Com receita que ultrapassa os R$ 3 bilhões ao ano, obtida majoritariamente das anuidades de seus inscritos, os conselhos profissionais correm o risco de ter suas finanças fortemente afetadas pela Proposta de Emenda à Constituição (PEC) enviada recentemente pelo ministro da Economia, Paulo Guedes, ao Congresso. Além de transformar os conselhos – hoje tratados como autarquias – em entidades privadas, o ministro quer eliminar a obrigatoriedade da inscrição dos profissionais nesses conselhos para poderem trabalhar. Na prática, isso significará que eles não precisarão pagar as anuidades.
Pressionado, Guedes recuou e sinalizou que o texto será reescrito para deixar claro que alguns conselhos – como a Ordem dos Advogados do Brasil (OAB) e o Conselho Federal de Medicina (CFM) – não serão atingidos. Na prática, o recuo significa que ao menos parte dessas entidades continuará a receber as anuidades.
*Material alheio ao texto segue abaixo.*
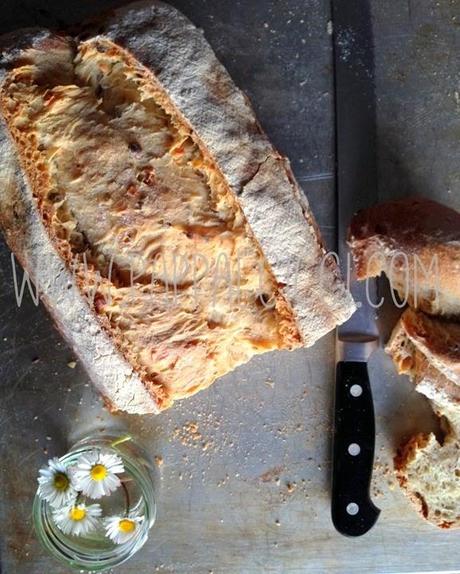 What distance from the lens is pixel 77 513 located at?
8.00 feet

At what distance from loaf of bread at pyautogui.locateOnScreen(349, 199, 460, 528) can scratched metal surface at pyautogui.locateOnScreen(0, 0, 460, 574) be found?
117mm

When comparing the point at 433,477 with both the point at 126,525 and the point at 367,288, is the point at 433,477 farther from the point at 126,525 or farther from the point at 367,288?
the point at 126,525

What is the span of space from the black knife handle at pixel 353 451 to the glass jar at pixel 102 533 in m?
0.67

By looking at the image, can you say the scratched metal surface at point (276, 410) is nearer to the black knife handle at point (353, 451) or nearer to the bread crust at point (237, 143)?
the black knife handle at point (353, 451)

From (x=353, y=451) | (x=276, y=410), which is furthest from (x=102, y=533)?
(x=353, y=451)

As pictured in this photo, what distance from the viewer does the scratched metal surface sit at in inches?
103

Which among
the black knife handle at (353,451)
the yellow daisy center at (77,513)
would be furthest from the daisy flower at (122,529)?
the black knife handle at (353,451)

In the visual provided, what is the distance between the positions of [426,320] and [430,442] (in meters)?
0.47

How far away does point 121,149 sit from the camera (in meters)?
2.01

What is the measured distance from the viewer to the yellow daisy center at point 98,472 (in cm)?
243

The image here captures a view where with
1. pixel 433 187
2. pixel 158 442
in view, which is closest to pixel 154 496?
pixel 158 442

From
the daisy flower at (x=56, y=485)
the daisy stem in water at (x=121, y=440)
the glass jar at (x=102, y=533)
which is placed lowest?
the glass jar at (x=102, y=533)

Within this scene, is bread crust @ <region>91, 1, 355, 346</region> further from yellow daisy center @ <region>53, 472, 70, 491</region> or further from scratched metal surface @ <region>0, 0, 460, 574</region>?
yellow daisy center @ <region>53, 472, 70, 491</region>

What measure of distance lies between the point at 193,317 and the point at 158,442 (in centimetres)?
76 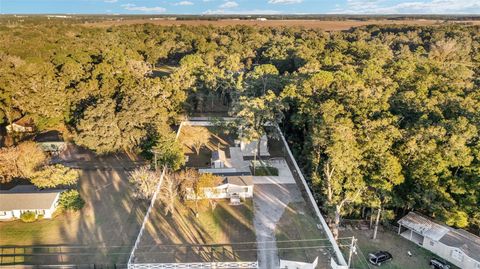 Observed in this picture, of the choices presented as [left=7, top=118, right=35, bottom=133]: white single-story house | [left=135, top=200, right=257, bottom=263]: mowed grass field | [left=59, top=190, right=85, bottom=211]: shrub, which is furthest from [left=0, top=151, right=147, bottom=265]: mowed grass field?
[left=7, top=118, right=35, bottom=133]: white single-story house

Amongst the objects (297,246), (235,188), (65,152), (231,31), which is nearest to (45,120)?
(65,152)

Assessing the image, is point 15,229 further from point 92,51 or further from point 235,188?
point 92,51

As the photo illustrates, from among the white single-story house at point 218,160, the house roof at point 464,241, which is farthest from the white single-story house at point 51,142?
the house roof at point 464,241

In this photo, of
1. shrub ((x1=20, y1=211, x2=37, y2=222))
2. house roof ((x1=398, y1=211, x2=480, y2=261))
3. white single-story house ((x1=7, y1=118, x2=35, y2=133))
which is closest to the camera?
house roof ((x1=398, y1=211, x2=480, y2=261))

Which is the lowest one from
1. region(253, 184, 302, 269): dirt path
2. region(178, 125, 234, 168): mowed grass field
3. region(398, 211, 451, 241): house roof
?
region(253, 184, 302, 269): dirt path

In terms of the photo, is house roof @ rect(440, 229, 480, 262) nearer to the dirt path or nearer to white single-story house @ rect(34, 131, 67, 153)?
the dirt path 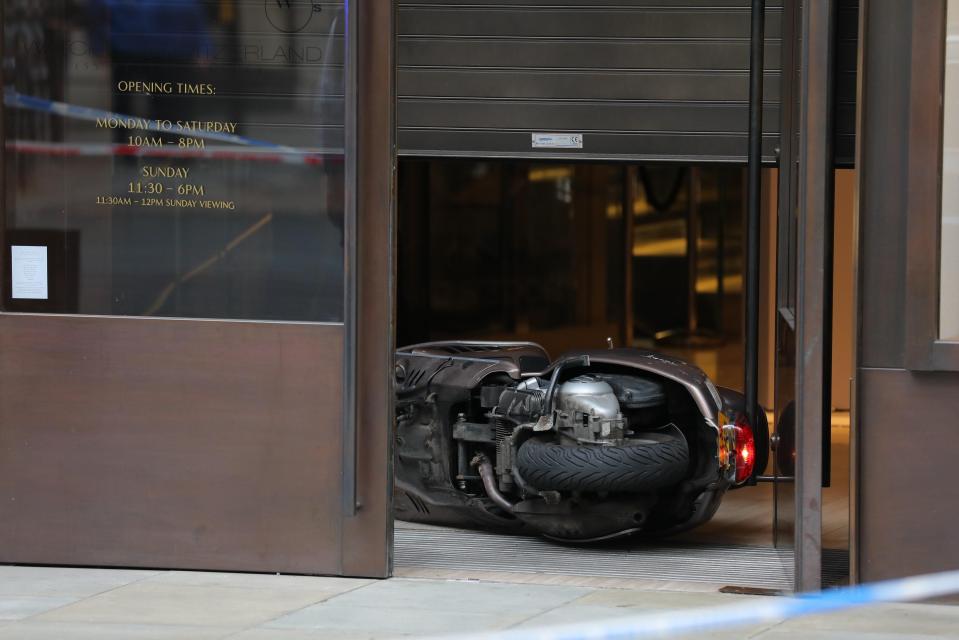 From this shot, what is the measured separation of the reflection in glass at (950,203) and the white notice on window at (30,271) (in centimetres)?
422

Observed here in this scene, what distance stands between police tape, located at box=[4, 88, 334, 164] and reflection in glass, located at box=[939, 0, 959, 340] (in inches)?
115

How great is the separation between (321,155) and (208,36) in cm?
82

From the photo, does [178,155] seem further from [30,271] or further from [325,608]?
[325,608]

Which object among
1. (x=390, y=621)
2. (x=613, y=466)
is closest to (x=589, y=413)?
(x=613, y=466)

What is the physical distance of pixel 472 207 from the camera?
22.0m

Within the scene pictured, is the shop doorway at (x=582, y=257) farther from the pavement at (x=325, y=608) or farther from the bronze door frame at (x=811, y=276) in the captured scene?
the pavement at (x=325, y=608)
Os conselhos de classe têm receita bilionária e as anuidades dos inscritos representam a maior fonte de arrecadação. Atualmente existem 29 conselhos no país, que reúnem advogados, médicos, engenheiros, músicos, corretores de imóveis, entre outros profissionais. Levantamento feito pela Gazeta do Povo comparou as receitas dos maiores conselhos: Ordem dos Advogados do Brasil (OAB), Conselho Federal de Engenharia e Agronomia (Confea) e Conselho Federal de Medicina.
OAB
Dos conselhos analisados, as seccionais da Ordem dos Advogados do Brasil (OAB) são as que mais dependem de seus associados. Em 2017 (últimos dados disponíveis), as anuidades representavam em média 83% da receita total do órgão. Os valores das contribuições referentes a 2018 são ainda mais incompletos, o que inviabiliza calcular o montante arrecadado nesse ano.
A regional em que as contribuições têm peso maior é a do estado de São Paulo. Em 2017, a OAB-SP arrecadou R$ 304 milhões, sendo que R$ 285 milhões vieram das anuidades – ou seja, 94% do total. Já a Ordem do Rio Grande do Norte é a menos dependente de seus inscritos (38%). Foram R$ 7,5 milhões vindo das contribuições, numa receita total de R$ 20 milhões.
Apesar de não ser o conselho mais rico, a OAB é o que mais arrecada com as anuidades. Dados publicados no portal da transparência indicam que o órgão arrecadou ao menos R$ 529 milhões em 2017 por meio das anuidades.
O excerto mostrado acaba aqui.